Then came the Trailblazer Apprenticeship Standards which the Institute for Apprenticeships is due to start reviewing. The number of training providers offering to help employers use them is low and current throughput is almost negligible, although BT has announced plans to train and/or retrain a several thousand. Meanwhile Amazon Web Services and its commercial training partners (like QA) are now training thousands each year in the secure use of cloud-based services (for which there are no apparent apprentice standards). AWS has joined those who global players who recognise that their local markets (of which the UK is but one) are constrained by the skills of their customers and run “Academies” and “Garages” accordingly.
BT and Royal Signals have been involved with many of Digital apprenticeship standards produced to date. But it is unclear how many of these can be used to cover the skills for modern public utility open communications infrastructure as opposed to networked computer systems. For example, I am told that the “Unified Communications Technician” apprenticeship standard, advertised as suitable for telecoms technicians, does not yet cover the skills needed for broadband access or mobile networks. It is also unclear whether such skills are covered in the standard for Network Engineer. Meanwhile the Network Cable Installer standard has yet to be agreed.
When it comes to the civil engineering side of network construction, a number of Construction industry standards seem relevant for those concerned with wiring up smart buildings and highways but they were not drafted with this in mind and responsibility for maintaining and implementing the standards appears fragmented with little or no apparent co-ordination.
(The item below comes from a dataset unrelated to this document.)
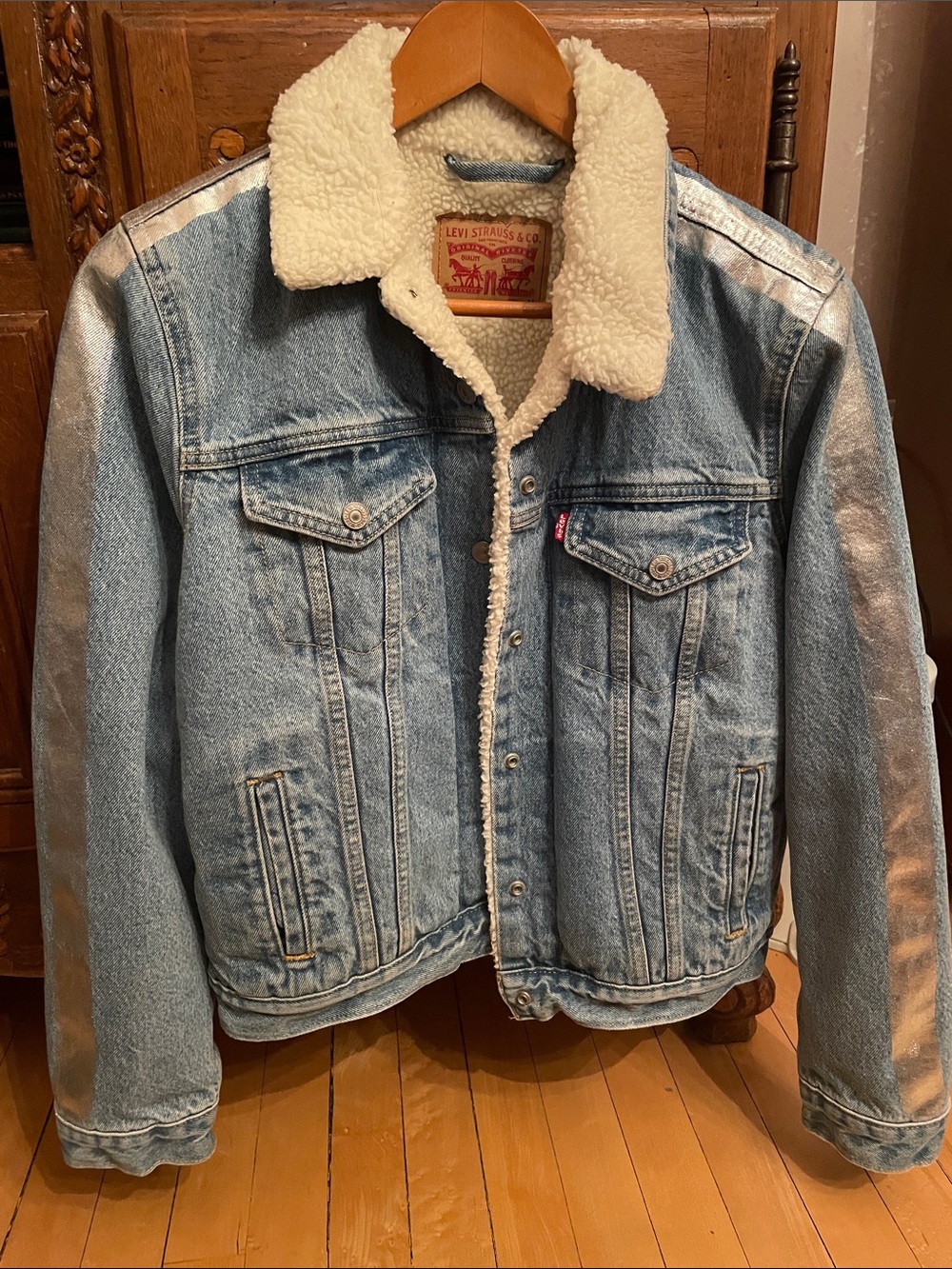 Levi's Light Blue Denim Sherpa Jacket with Cream Collar size M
Will this area be addressed and/or co-ordinated as part of the new Construction Industry Training Board skills programme ?
Which digital infrastructure employers are working to ensure that their civil engineering contractors participate and/or benefit?
Those who wish to offset the cost of training employees (or those in their supply chains) building, installing or maintaining the fibre and wireless networks of the future against the apprenticeship levy need to get engaged with those who are working on the standards that will enable them to do so. But the uncertainty over the future of the Tech Partnership makes it difficult to work out how to do so. Hence the reason I was invited to present to the UKFCF. Meanwhile the task of the officials in the Institute for Apprenticeships and Ofsted (responsible for accrediting providers) will become easier if, instead of complaining, the malcontents can support consortia of those who understand how to specify and maintain standards, particularly those who are also involved with UK inputs to global bodies, to help fill the gap as necessary.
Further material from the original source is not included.